[Opening DATASET EXCERPTS section]

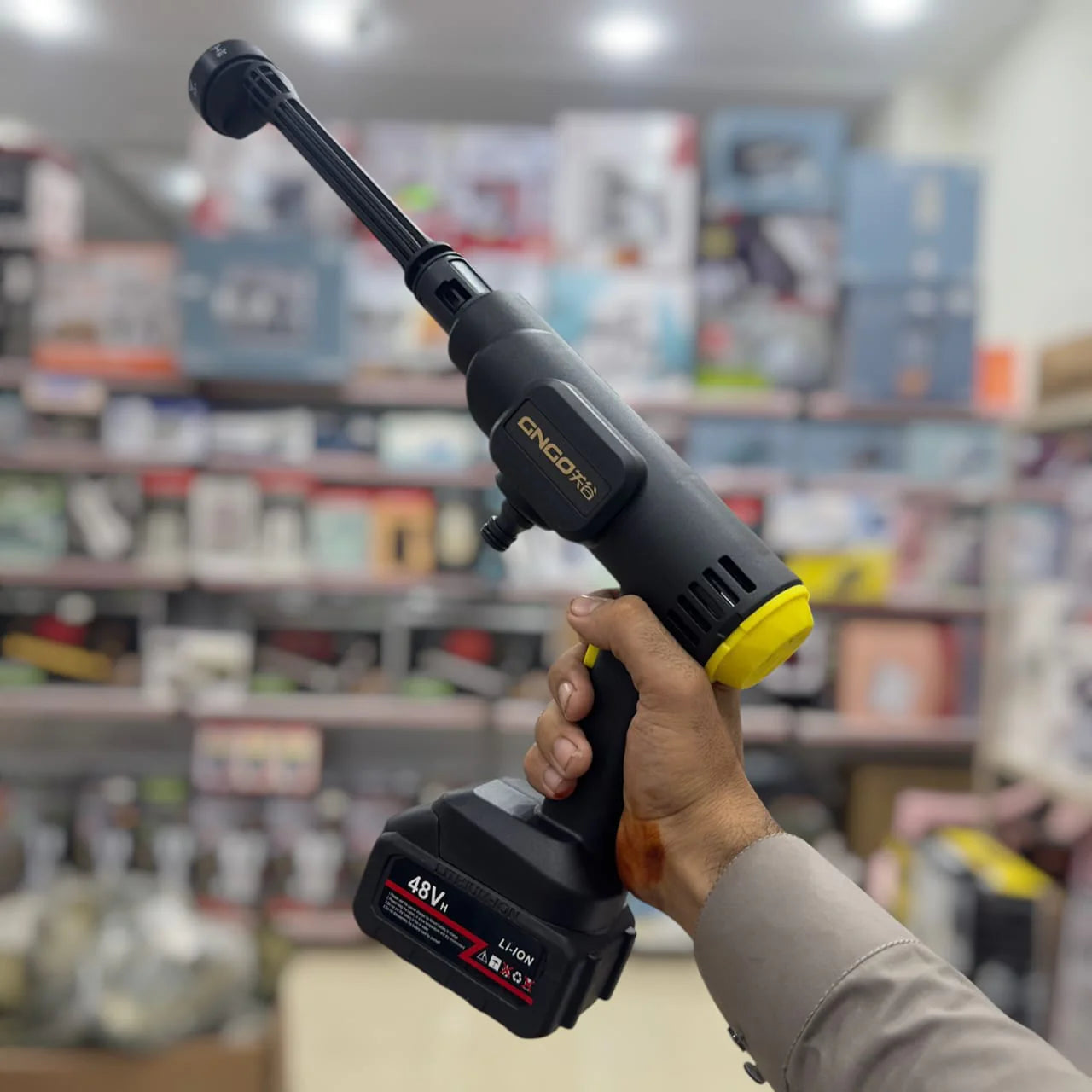 GNGO cordless pressure car solar washer best quality 48 V battery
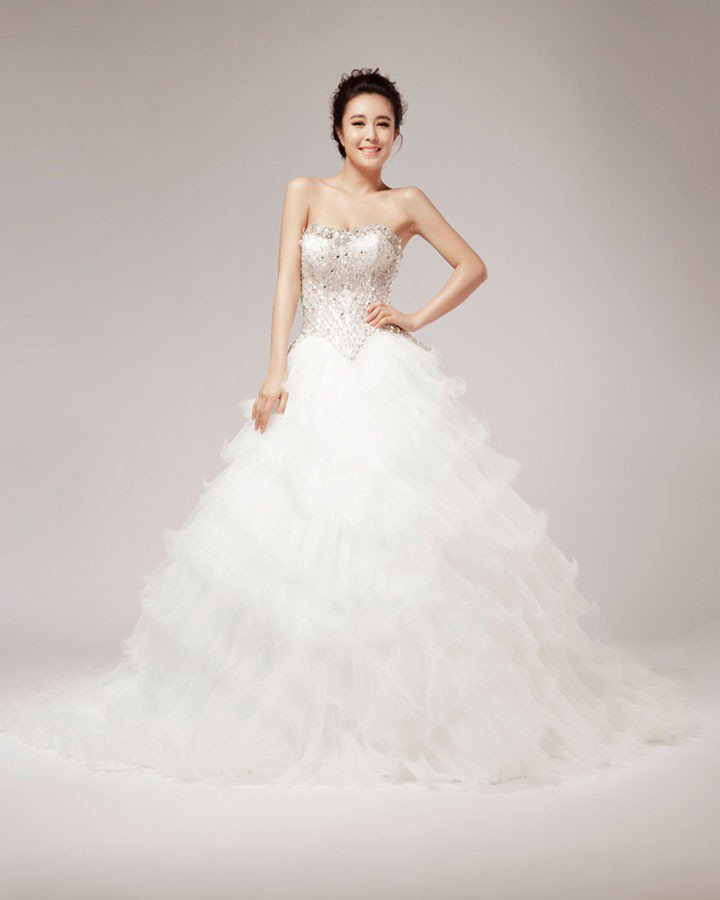 Beautiful Beading Crystal Decoration Sweetheart Organza Ball Gown Wedding Dress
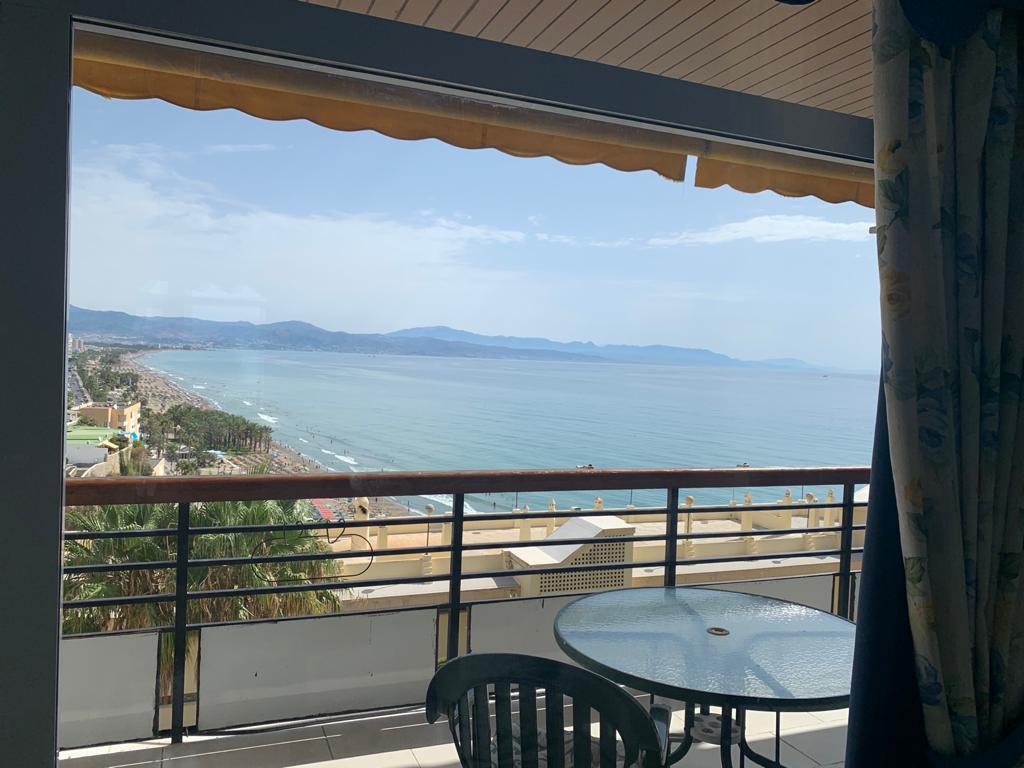 Appartement met uitzicht op zee en directe toegang tot het strand in Santa Clara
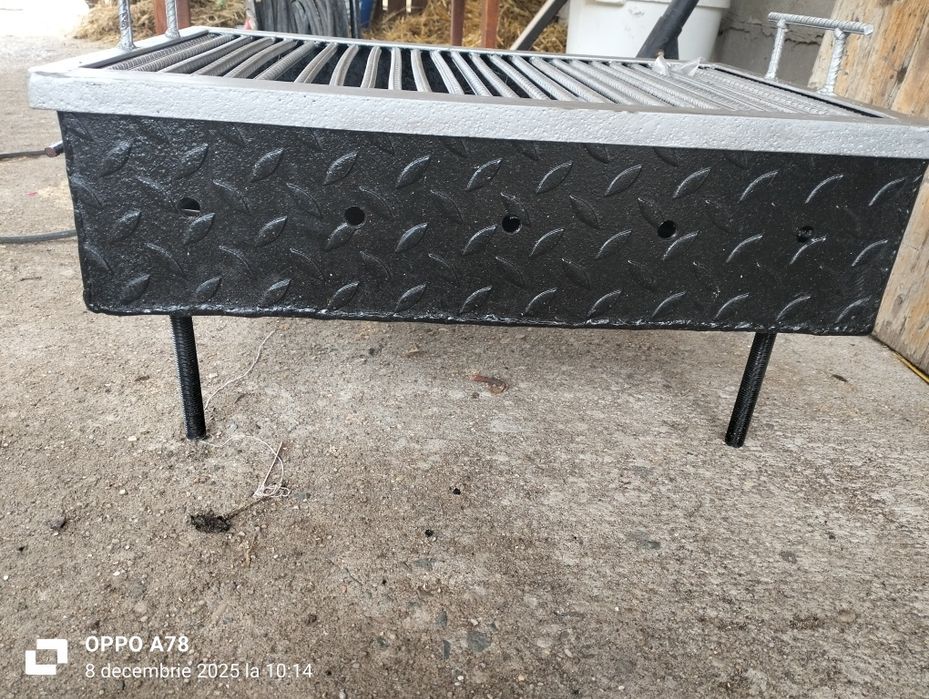 Grătar de vânzare.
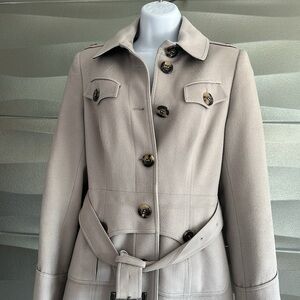 Burberry Dove Gray Coat with Many Detail gorgeous color and style.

[Closing DATASET EXCERPTS section]

EXERCISE DETAILS: Your task is to repeat, word for word and with no picture, every line from the one that contains "Grătar de vânzare." through the last line of the data.

TASK SOLUTION:
 Grătar de vânzare.
 Burberry Dove Gray Coat with Many Detail gorgeous color and style.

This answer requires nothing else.